A influenciadora e o cantor estão em liberdade, o que causou grande indignação até mesmo entre alguns operadores do Direito, que afirmaram que o restabelecimento das liberdades causaram descrédito ao Judiciário brasileiro.
Mas, afinal, para que servem as prisões preventivas?
Segundo o Código de Processo Penal, as prisões preventivas são excepcionais e subsidiárias, só podendo ser decretadas quando outras medidas – aplicação de tornozeleira eletrônica, por exemplo – não se mostrarem suficientes à garantia da ordem pública, da ordem econômica, do bom andamento do processo e da correta aplicação da lei penal – finalidades legais da medida aqui tratada.
Para que seja decretada a prisão preventiva, devem estar presentes o fumus comissi delicti e periculum libertatis – ou seja, a prova de que ocorreu algum crime e os indícios de que o destinatário da medida o praticou, bem como a demonstração de que a manutenção de sua liberdade representa um risco às finalidades supracitadas.
Por serem consideradas medidas extremas, a legislação processual penal construiu uma espécie de subsistema para evitar prisões preventivas arbitrárias e ilegais, entretanto, na prática, os anseios populares, a equivocada concepção de que tudo pode ser resolvido através do Direito Criminal, dentre outros fatores, acabam provocando a banalização dessas medidas, por muitas vezes decretadas, como no caso do Gusttavo Lima, para salvaguardar a “credibilidade da justiça”, finalidade ilegal e rechaçada pelo Supremo Tribunal Federal e pelo Superior Tribunal de Justiça.
A quem cabe garantir a credibilidade da justiça?
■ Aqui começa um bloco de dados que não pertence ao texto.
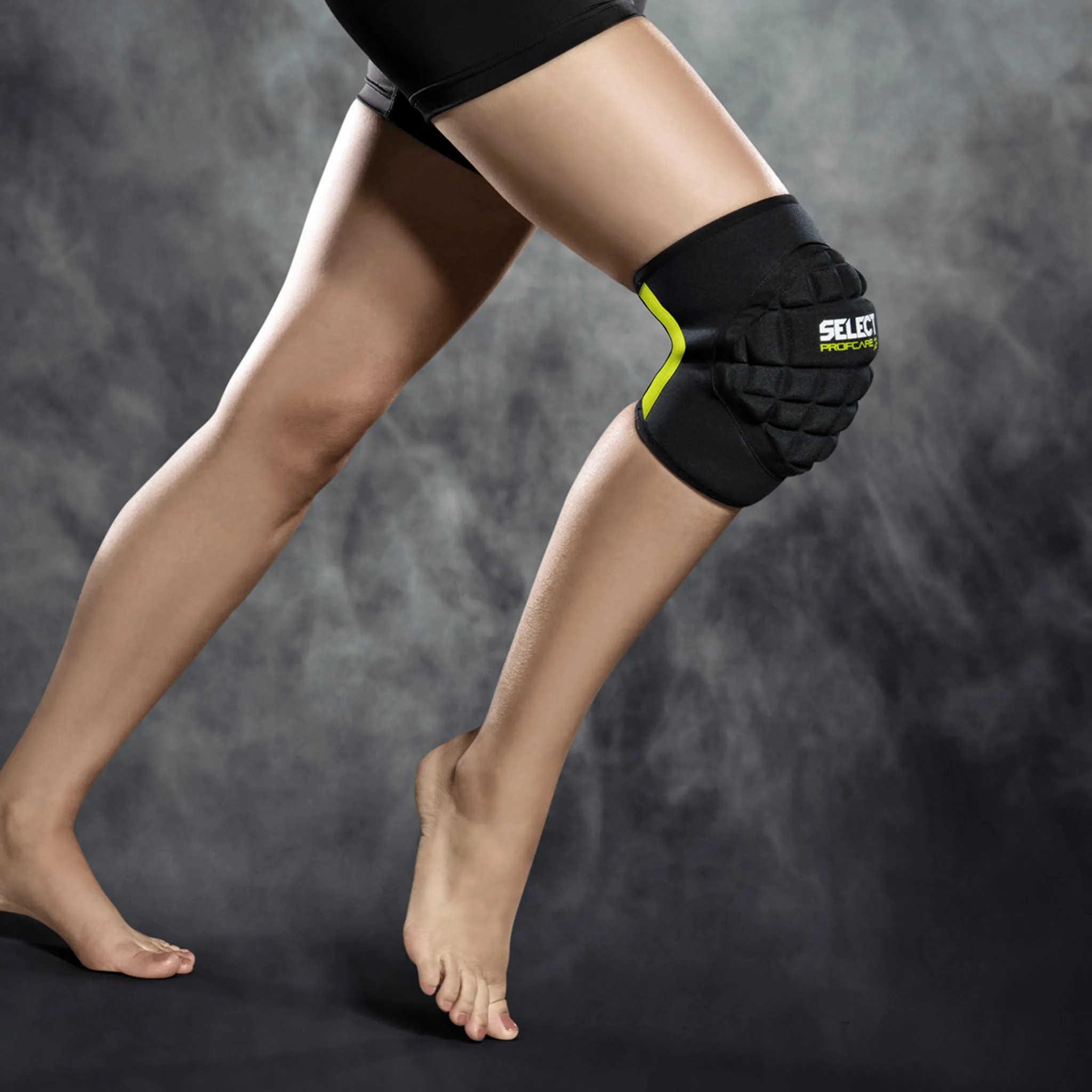 Knee support with pad for women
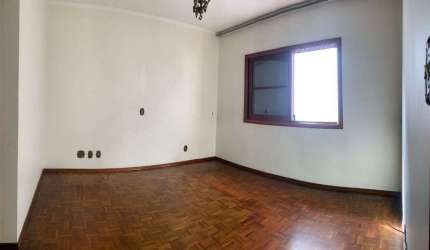 Sobrado à venda, 3 quartos, 1 suíte, 6 vagas, Barcelona - São Caetano do Sul/SP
É evidente que há um vício em prisões preventivas, pois, segundo a Secretaria Nacional de Políticas Penais, cerca de 30% da população carcerária brasileira é formada por pessoas presas preventiva ou temporariamente, cifra que não se compatibiliza com a natureza excepcional e subsidiária dessas medidas segregatórias.
Prende-se preventivamente a partir de uma noção de direito penal simbólico e populista, como forma de antecipação da pena, para atender o clamor social e para garantir a credibilidade da Justiça – e é aqui que mora o perigo.
Nos casos Deolane e Gusttavo Lima, investigados pelos chamados “crimes de colarinho branco”, bastaria a decretação de medidas cautelares patrimoniais – sequestro, arresto, apreensão de bens, etc. – para atingir as finalidades processuais, entretanto, de maneira completamente descabida, foram decretadas as prisões preventivas de ambos, as quais, pouco depois, foram revogadas.
Nesse contexto, parece-me que o que abala a credibilidade da justiça são as prisões preventivas ilegais, arbitrárias e desnecessárias, que acabando sendo devidamente revogadas por não estarem em conformidade com os postulados do Direito brasileiro. Aqui, o restabelecimento das liberdades é “medida da mais cristalina justiça”, para usar o antigo jargão, não benesse ou mácula ao Poder Judiciário.
No fim das contas, no que pertine às prisões processuais, cabe aos magistrados e às magistradas, aos promotores e às promotoras de justiça, bem como às autoridades policiais zelar pela credibilidade da Justiça, deixando as paixões de lado e atendo-se à legislação processual penal. Aos advogados e às advogadas, resta a árdua missão de lutar contra as prisões injustas.